# Reconcilation and TOuching..anyone else feel akward?



## BeenThereAndSuffering

So H and I are reconciling, we have touched a few times, no sex though, but it felt different and weird...it felt good to me but I am not sure how it felt to him, just didn't feel the same as it did before the seperation..anyone else experiencing this?


----------



## tm84

My wife and I are attempting R, but it has been a rough trip, so far. I had an EA that was discovered last June and we are trying to work through the morass of feelings about each other and the relationship. 

To get to the point about touching, we don't. The few times that we have, it has been for an awkward hug here and there, but nothing else. We're living/sleeping together, but with no physical contact. When it does happen, it feels strange to me because I know that there are no real feelings behind it for her, no "loving" feelings, anyway. We haven't been able to reconnect in an intimate way yet and I wonder if we will, at this point. I'm trying to keep an eye on a positive future, but preparing for a real separation if this doesn't work.


----------



## This is me

We were seperated for 4 months and she is not open to intimacy, although we do hug and cuddle. I have had to pull back from her pressing her leg against my guy in bed for knowing she would refuse me. It is sad as I wouldn't want anything more than to connect with her in the ultimate connection.

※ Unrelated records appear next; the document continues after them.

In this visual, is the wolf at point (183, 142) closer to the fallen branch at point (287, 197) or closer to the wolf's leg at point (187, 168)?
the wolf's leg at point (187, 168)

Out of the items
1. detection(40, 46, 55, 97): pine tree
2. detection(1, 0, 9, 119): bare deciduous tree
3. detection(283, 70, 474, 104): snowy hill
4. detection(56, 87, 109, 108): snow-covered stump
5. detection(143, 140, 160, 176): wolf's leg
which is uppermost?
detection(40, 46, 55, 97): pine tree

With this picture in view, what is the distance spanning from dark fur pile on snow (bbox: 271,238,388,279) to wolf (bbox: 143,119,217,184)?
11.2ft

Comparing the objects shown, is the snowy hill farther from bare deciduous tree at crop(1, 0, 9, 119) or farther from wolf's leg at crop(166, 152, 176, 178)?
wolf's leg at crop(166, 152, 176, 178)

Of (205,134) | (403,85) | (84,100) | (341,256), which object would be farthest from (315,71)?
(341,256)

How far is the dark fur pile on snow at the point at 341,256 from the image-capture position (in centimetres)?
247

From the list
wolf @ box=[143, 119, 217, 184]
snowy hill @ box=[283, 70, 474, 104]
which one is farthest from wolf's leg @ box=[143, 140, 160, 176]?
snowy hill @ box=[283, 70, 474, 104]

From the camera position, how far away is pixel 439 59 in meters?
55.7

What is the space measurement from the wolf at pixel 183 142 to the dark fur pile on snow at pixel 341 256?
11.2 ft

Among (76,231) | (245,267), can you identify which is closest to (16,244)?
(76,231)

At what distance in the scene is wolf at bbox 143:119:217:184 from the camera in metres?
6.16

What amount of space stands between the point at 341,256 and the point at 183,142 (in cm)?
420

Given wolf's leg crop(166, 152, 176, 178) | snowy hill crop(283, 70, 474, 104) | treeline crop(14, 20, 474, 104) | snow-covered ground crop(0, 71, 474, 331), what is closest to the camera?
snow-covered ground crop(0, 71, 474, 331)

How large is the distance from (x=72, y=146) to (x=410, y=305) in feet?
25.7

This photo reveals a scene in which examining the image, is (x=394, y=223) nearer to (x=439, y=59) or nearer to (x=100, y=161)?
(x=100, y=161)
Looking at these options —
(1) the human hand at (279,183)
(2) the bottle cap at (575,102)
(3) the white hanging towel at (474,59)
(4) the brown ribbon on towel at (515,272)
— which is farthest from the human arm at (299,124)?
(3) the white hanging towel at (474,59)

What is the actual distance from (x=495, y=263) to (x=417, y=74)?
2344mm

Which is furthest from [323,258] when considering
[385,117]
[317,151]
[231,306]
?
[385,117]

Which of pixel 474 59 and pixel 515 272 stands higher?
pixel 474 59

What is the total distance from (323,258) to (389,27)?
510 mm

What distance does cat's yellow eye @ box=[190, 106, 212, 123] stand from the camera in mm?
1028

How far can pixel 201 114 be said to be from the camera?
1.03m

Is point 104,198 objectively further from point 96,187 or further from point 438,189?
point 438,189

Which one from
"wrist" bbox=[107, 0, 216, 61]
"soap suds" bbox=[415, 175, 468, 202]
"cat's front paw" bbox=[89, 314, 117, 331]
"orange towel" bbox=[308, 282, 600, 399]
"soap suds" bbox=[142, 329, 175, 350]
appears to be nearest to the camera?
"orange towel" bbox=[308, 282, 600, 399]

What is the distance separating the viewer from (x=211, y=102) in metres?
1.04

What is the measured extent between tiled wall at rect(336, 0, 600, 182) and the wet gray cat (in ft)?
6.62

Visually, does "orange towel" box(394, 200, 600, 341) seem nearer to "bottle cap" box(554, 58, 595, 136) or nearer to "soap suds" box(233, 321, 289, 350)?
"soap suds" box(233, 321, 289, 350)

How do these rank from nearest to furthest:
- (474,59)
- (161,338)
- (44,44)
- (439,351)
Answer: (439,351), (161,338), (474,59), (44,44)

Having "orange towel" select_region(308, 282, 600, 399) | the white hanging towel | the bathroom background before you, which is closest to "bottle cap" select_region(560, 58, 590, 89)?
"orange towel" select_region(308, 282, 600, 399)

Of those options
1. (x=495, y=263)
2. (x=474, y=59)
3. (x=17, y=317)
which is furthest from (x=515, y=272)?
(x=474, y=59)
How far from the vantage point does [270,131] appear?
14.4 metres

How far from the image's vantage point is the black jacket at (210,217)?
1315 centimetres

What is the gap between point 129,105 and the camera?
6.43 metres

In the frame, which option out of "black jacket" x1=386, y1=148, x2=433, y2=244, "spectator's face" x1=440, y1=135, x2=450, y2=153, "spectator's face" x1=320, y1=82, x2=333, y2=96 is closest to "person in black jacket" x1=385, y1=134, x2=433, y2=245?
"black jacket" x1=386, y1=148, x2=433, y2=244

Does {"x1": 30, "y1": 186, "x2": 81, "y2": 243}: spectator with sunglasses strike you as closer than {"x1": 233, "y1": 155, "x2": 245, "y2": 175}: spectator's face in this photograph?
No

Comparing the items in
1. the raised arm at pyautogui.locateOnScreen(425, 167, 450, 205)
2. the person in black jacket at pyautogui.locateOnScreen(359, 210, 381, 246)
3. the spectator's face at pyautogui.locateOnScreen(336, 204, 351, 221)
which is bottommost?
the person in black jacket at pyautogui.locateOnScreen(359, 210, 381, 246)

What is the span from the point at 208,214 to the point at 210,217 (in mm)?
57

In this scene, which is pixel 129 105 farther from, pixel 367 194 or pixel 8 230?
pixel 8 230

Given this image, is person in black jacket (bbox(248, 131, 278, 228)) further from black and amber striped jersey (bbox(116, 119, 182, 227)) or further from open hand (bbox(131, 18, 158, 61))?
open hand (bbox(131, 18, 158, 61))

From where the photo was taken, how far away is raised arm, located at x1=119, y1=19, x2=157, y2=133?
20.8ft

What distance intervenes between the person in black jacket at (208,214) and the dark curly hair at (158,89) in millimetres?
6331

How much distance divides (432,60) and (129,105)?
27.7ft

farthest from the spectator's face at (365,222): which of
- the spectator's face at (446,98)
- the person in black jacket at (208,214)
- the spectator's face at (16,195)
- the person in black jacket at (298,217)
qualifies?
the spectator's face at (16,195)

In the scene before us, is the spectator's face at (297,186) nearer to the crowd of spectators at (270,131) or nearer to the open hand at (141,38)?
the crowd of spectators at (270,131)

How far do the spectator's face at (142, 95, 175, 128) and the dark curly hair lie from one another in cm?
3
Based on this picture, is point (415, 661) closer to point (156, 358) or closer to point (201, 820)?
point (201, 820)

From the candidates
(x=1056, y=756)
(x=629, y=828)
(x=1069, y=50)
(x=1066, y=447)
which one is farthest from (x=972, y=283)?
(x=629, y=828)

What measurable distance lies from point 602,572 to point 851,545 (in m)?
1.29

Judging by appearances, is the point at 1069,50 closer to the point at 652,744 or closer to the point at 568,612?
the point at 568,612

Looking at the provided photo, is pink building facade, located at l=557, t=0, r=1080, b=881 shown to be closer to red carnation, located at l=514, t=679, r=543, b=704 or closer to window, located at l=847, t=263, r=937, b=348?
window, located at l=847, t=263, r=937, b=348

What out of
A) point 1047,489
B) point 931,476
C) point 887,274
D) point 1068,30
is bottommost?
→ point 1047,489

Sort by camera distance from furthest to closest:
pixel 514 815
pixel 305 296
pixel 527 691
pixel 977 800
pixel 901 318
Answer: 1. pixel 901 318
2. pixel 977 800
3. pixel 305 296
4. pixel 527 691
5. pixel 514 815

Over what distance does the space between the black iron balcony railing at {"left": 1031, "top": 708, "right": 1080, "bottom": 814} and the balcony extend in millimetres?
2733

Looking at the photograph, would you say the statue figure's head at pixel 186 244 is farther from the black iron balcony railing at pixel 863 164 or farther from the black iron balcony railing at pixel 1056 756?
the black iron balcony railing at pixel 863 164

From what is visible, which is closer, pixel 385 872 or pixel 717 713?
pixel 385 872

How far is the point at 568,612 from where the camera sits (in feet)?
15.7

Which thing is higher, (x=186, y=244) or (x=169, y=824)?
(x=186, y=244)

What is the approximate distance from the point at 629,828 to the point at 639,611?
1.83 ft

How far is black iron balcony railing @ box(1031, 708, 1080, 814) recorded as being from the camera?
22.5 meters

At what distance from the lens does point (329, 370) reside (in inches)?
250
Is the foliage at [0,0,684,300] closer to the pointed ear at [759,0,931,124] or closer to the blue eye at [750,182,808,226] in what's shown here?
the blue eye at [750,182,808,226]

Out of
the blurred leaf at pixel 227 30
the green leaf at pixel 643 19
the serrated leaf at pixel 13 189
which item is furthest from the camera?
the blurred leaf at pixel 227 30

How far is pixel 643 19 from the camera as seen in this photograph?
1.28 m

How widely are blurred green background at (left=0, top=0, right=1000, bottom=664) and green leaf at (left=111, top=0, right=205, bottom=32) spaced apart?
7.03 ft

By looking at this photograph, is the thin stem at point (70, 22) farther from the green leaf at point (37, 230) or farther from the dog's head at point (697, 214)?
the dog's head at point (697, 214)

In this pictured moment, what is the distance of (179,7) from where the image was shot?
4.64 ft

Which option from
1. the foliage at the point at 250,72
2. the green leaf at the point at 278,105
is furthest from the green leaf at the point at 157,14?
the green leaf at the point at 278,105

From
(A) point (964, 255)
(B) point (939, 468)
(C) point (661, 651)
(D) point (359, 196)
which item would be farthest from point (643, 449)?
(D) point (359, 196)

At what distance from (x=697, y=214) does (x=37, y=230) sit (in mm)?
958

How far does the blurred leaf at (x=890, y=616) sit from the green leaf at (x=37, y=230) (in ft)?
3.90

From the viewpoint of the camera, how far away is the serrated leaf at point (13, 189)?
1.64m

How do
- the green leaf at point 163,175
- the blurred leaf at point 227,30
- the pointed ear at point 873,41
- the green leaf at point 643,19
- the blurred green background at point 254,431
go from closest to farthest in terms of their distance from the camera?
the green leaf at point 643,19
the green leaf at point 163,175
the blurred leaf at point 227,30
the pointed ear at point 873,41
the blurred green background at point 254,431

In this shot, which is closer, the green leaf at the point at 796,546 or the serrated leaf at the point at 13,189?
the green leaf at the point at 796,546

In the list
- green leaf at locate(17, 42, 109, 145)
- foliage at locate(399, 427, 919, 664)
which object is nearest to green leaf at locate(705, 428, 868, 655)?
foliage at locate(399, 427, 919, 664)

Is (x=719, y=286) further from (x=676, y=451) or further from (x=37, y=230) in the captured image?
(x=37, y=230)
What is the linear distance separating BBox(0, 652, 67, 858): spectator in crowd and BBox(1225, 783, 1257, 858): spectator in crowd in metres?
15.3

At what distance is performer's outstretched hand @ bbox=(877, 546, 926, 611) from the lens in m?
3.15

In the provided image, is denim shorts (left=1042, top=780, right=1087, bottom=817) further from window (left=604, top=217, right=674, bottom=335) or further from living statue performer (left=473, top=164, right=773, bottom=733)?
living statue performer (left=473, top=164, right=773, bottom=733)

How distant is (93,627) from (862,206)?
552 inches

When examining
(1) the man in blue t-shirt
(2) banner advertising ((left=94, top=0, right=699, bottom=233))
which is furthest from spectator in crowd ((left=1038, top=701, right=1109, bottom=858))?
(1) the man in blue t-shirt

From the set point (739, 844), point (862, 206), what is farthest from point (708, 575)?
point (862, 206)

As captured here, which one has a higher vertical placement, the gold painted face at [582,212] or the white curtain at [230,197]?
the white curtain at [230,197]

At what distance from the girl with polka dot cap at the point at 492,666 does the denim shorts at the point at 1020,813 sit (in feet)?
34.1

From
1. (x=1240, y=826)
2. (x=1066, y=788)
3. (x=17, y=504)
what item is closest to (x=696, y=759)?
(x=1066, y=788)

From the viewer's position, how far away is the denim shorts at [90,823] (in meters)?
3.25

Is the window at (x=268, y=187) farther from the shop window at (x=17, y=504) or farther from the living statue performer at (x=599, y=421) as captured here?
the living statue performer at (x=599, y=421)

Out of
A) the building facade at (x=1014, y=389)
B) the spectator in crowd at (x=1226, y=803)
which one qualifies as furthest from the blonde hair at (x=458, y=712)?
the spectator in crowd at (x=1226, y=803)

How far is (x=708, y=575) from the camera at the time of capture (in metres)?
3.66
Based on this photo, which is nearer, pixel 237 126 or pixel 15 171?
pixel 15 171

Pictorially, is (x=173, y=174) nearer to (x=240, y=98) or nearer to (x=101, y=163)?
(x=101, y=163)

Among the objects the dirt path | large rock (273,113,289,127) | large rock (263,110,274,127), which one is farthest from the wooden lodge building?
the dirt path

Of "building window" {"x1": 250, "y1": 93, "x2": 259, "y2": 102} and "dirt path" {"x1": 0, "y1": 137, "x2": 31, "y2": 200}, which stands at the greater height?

I have been advised by female friends to not do anything until she is ready, if that ever happens. She has not intiated since our earliest days of marriage about 17 yrars ago.

It does not feel as good as it once did and I can only hope and pray she grows that loving heart again. Otherwise I will have to pray there will be someone who would love me again.


----------



## DownUnder

Its been 3 weeks since my husband moved back home and the awkwardness is still there. Intimacy is hard to come by and it feels that he is witholding affections until he is sure how he feels about me.

Im not sure when or how long this will go for...im praying that we will be able to rebuild our connection, closeness and intimacy again slowly.


----------



## par4

DownUnder said:


> Its been 3 weeks since my husband moved back home and the awkwardness is still there. Intimacy is hard to come by and it feels that he is witholding affections until he is sure how he feels about me.
> 
> Im not sure when or how long this will go for...im praying that we will be able to rebuild our connection, closeness and intimacy again slowly.


Which one of you had the affair?
_Posted via Mobile Device_


----------



## Lon

if there was infidelity it would certainly be akward to touch your spouse, especially as a betrayed knowing that some other person was touching them last. That was sort of the case with me after dday - at first she was still insistent on ilybinilwy and certain she wanted a separation but I kissed her anyway and it was messed up. Before dday we "made love" and during sex is when it became highly obvious to me, all the red flags suddenly became clear right then, that she had cheated, it was a horrible way to come to the realization.


----------



## BeenThereAndSuffering

My husband is the one who had the affair, but he is also the withdrawing from intimacy, no touching,kissing sex and etc...


----------



## BeenThereAndSuffering

DownUnder said:


> Its been 3 weeks since my husband moved back home and the awkwardness is still there. Intimacy is hard to come by and it feels that he is witholding affections until he is sure how he feels about me.
> 
> Im not sure when or how long this will go for...im praying that we will be able to rebuild our connection, closeness and intimacy again slowly.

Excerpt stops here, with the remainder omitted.